Ces métaux entrent dans toutes les technologies modernes :

  • véhicules électriques,
  • éoliennes, batteries et équipements de transition énergétique,
  • robotique et informatique avancée,
  • technologies d’intelligence artificielle,
  • systèmes de guidage, capteurs, radars,
  • drones militaires, avions de chasse de dernière génération comme le F-35.

Autrement dit, sans terres rares, pas d’IA, pas de transition énergétique, pas de défense moderne. Elles se trouvent à la croisée de trois enjeux majeurs : énergie, industrie, sécurité nationale.

Pendant longtemps, États-Unis et Europe ont considéré les terres rares comme un sujet secondaire. Le raffinage chinois, moins coûteux, a éliminé toute concurrence internationale.

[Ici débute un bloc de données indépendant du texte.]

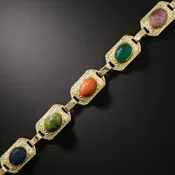 Victorian Multi-Stone Scarab Bracelet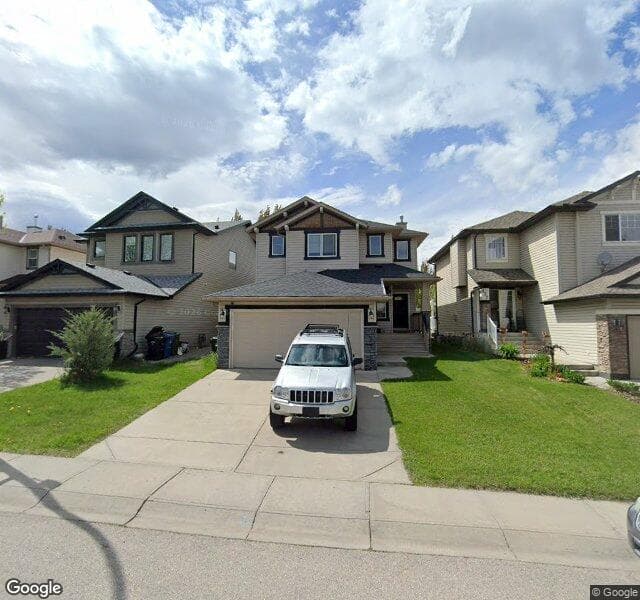 Street view of 170 Chapman Close SE, Calgary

Mais avec la montée de l’IA, l’électrification massive des économies et les tensions géopolitiques, cette dépendance est devenue un risque stratégique majeur. Depuis 2025, face aux nouvelles restrictions chinoises, les États-Unis, l’Union européenne, le Japon et l’Australie ont lancé :

  • des financements publics,
  • des incitations fiscales,
  • des partenariats stratégiques,
  • et des programmes de relocalisation industrielle.

Les gouvernements veulent sécuriser des chaînes d’approvisionnement alternatives. Un exemple fort : le ministère américain de la Défense a acquis une participation dans MP Materials pour relancer la production nationale.

Malgré l’effort mondial, développer de nouvelles capacités n’est pas simple. Le secteur reste exposé :

  • aux risques géopolitiques,
  • aux changements réglementaires,
  • à l’instabilité des pays producteurs,
  • aux complexités environnementales,
  • à des technologies encore peu éprouvées,
  • et à des délais d’autorisation très longs.

C’est pourquoi la dépendance à la Chine demeure, malgré les efforts de diversification.

Les terres rares sont devenues le cœur technologique de l’économie moderne et un enjeu majeur de souveraineté. Qu’il s’agisse d’intelligence artificielle, de transition énergétique ou de défense, ces 17métaux continueront d’être au centre des stratégies industrielles et géopolitiques des grandes nations dans les décennies à venir.